Input data:
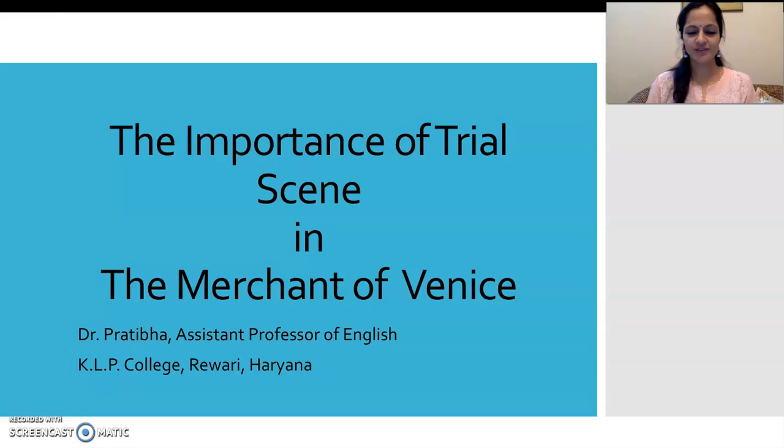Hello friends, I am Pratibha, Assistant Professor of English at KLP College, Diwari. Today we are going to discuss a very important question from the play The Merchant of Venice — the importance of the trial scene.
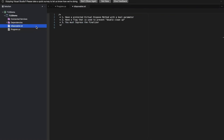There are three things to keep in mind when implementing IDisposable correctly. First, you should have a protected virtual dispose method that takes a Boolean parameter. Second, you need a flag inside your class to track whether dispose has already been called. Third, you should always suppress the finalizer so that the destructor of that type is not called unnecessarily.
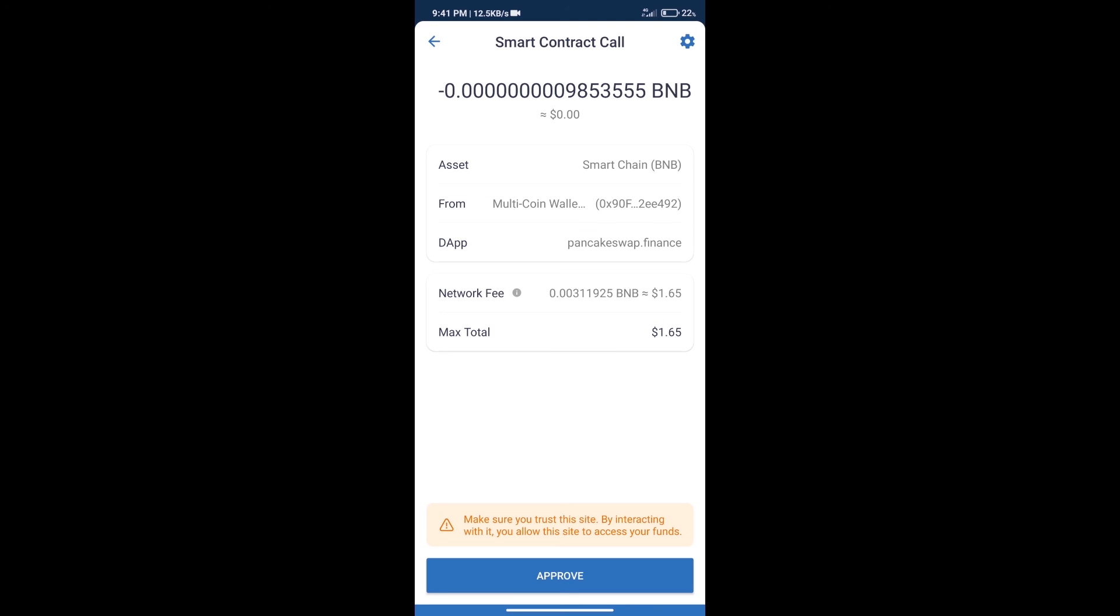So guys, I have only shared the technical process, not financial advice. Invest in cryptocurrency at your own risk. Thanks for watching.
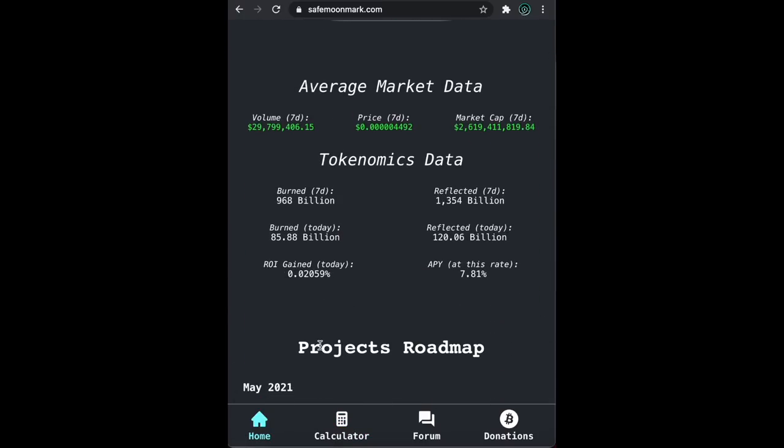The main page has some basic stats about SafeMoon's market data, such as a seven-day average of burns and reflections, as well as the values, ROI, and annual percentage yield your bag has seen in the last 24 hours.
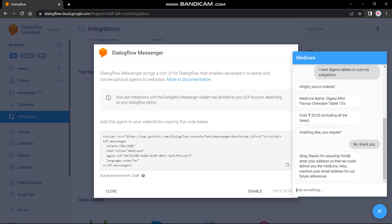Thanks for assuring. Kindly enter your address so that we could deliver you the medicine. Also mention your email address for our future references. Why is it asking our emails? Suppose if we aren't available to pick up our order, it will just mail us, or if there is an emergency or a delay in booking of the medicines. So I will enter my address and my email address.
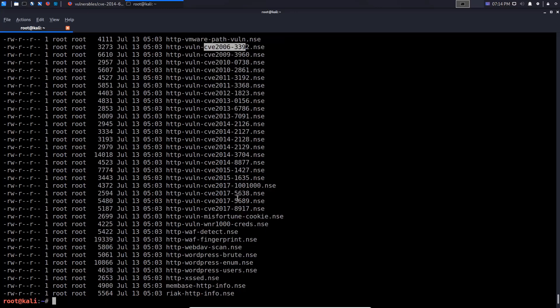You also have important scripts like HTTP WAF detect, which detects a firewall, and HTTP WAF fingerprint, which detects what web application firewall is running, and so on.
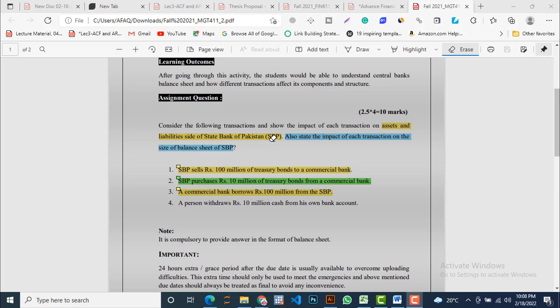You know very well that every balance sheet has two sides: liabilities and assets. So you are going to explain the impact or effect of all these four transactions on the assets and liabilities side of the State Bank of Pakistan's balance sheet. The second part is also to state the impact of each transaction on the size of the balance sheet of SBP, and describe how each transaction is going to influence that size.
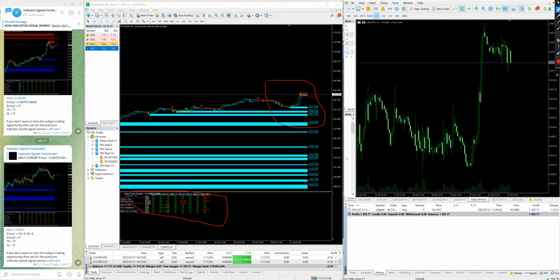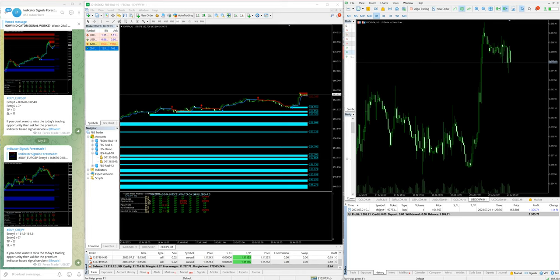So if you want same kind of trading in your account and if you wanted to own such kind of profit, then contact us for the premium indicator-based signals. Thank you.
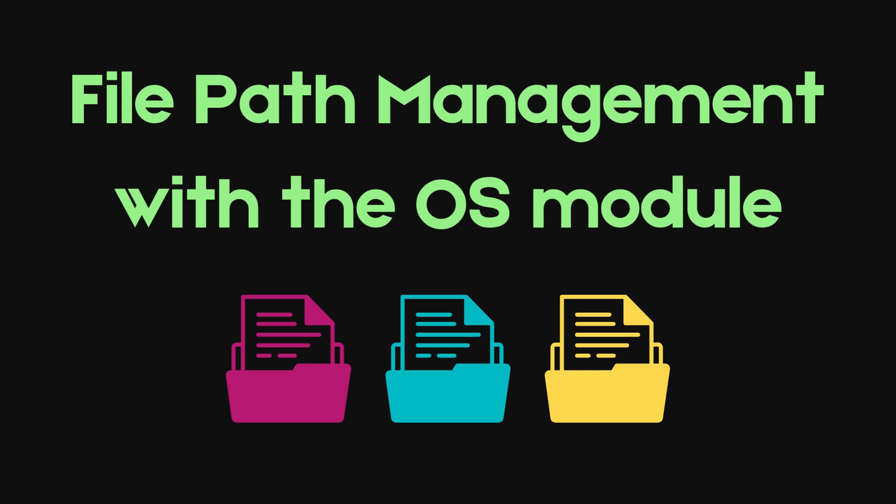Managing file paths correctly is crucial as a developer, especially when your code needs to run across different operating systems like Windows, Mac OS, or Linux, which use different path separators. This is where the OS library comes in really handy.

Problem: Excluding any pictures, print exactly the lines of the listing above from the line with "There are three" to the line with "You know very", both ends included.

Response for this exercise:
There are three things to keep in mind when implementing IDisposable correctly. First, you should have a protected virtual dispose method that takes a Boolean parameter. Second, you need a flag inside your class to track whether dispose has already been called. Third, you should always suppress the finalizer so that the destructor of that type is not called unnecessarily.
So guys, I have only shared the technical process, not financial advice. Invest in cryptocurrency at your own risk. Thanks for watching.
The main page has some basic stats about SafeMoon's market data, such as a seven-day average of burns and reflections, as well as the values, ROI, and annual percentage yield your bag has seen in the last 24 hours.
Thanks for assuring. Kindly enter your address so that we could deliver you the medicine. Also mention your email address for our future references. Why is it asking our emails? Suppose if we aren't available to pick up our order, it will just mail us, or if there is an emergency or a delay in booking of the medicines. So I will enter my address and my email address.
You also have important scripts like HTTP WAF detect, which detects a firewall, and HTTP WAF fingerprint, which detects what web application firewall is running, and so on.
You know very well that every balance sheet has two sides: liabilities and assets. So you are going to explain the impact or effect of all these four transactions on the assets and liabilities side of the State Bank of Pakistan's balance sheet. The second part is also to state the impact of each transaction on the size of the balance sheet of SBP, and describe how each transaction is going to influence that size.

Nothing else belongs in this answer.